▶ **Supplied information**:
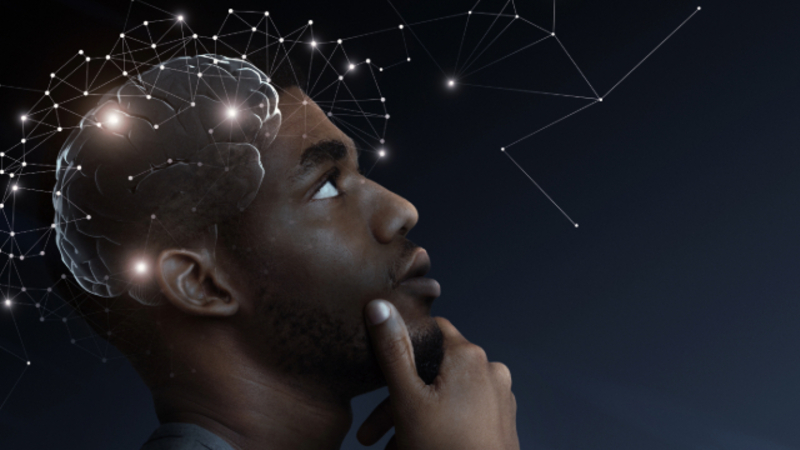 Building Better Brains: Everyday Strategies to Spark Neuroplasticity (Recorded Webinar)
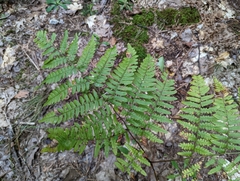 Pteridium aquilinum latiusculum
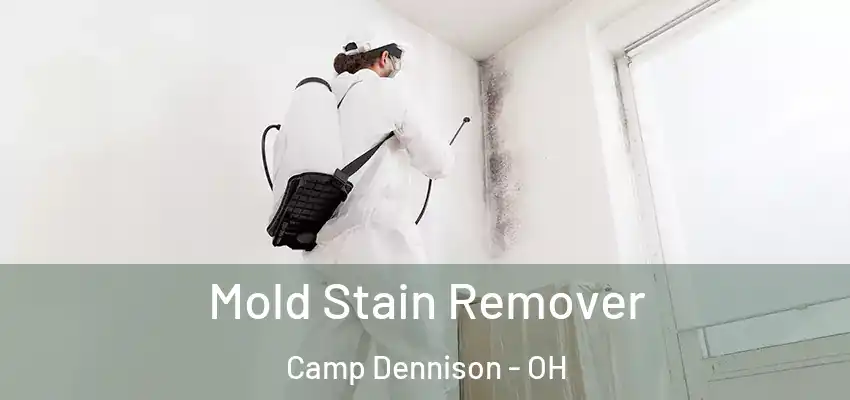  Mold Stain Remover Camp Dennison - OH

▶ **What the exercise asks**:
Retype each line of the listing above word for word. Exclude the pictures.

▶ **Task response**:
 Building Better Brains: Everyday Strategies to Spark Neuroplasticity (Recorded Webinar)
 Pteridium aquilinum latiusculum
  Mold Stain Remover Camp Dennison - OH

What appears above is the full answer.